▶ _Collected data_:
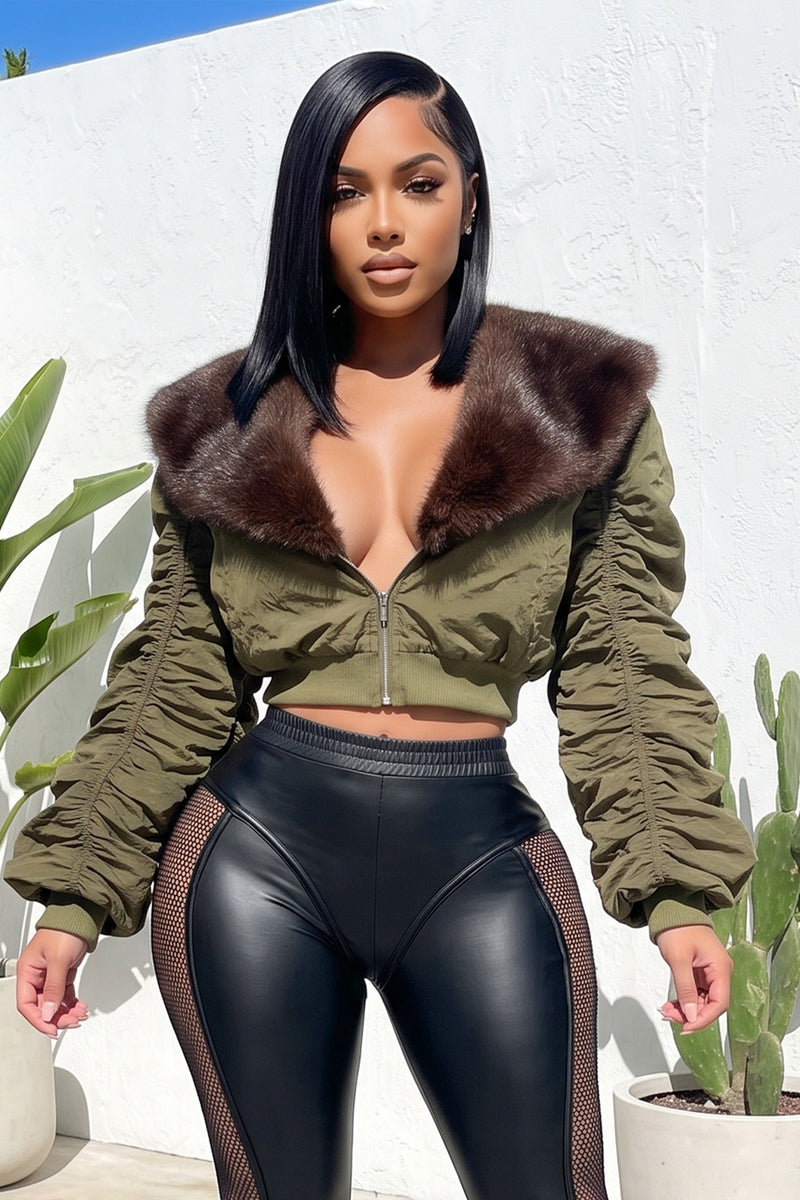 A woman modeling an olive green cropped bomber jacket with a large brown faux fur collar, paired with black mesh-paneled leggings, standing against a white stucco wall with potted cacti.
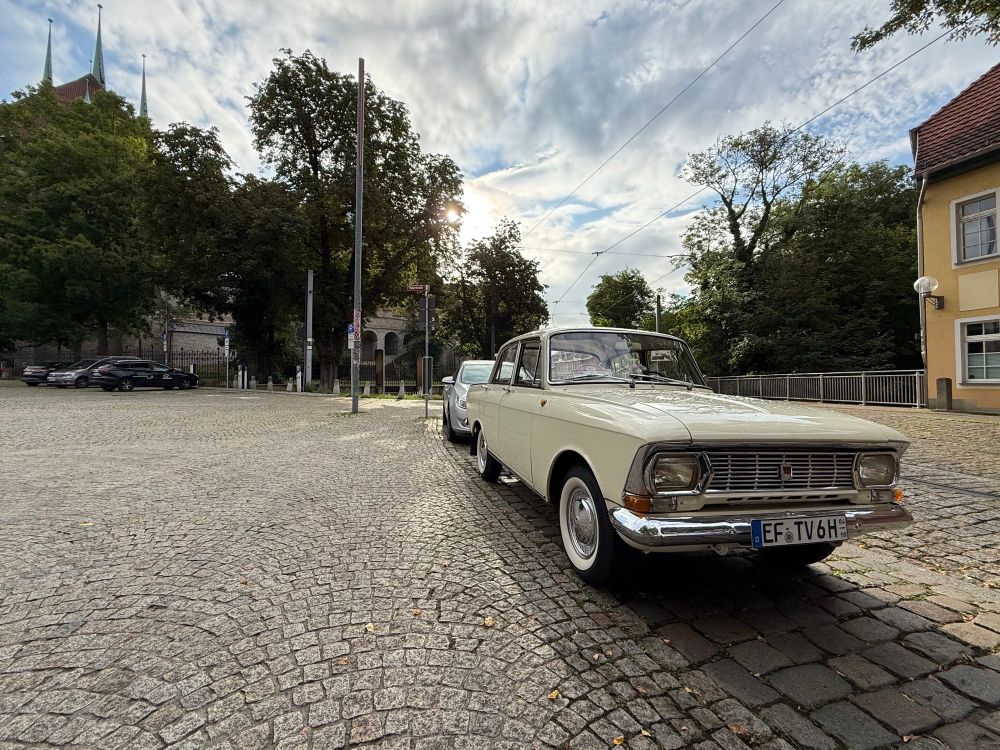 Verzerrte Aufnahme des Autos von vorn. Schön anzusehen die verchromte Frontpartie. Im Hintergrund einige Bäume und drei Spitzen einer Kirche.
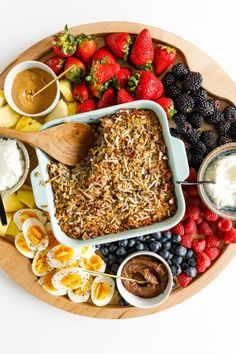 a platter filled with fruit, dips and other foods on top of it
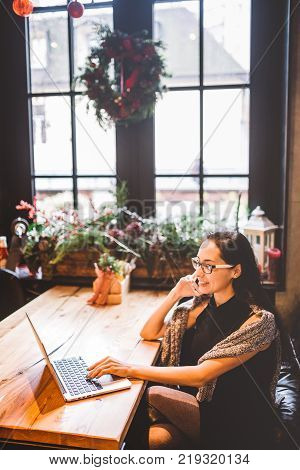 Beautiful Young Brunette Woman Inside Cafe With Christmas Interior At Wooden Table By The Window Tal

▶ _Task details_: Would you return the material exactly, images excluded?

▶ _Final answer_:
 A woman modeling an olive green cropped bomber jacket with a large brown faux fur collar, paired with black mesh-paneled leggings, standing against a white stucco wall with potted cacti.
 Verzerrte Aufnahme des Autos von vorn. Schön anzusehen die verchromte Frontpartie. Im Hintergrund einige Bäume und drei Spitzen einer Kirche.
 a platter filled with fruit, dips and other foods on top of it
 Beautiful Young Brunette Woman Inside Cafe With Christmas Interior At Wooden Table By The Window Tal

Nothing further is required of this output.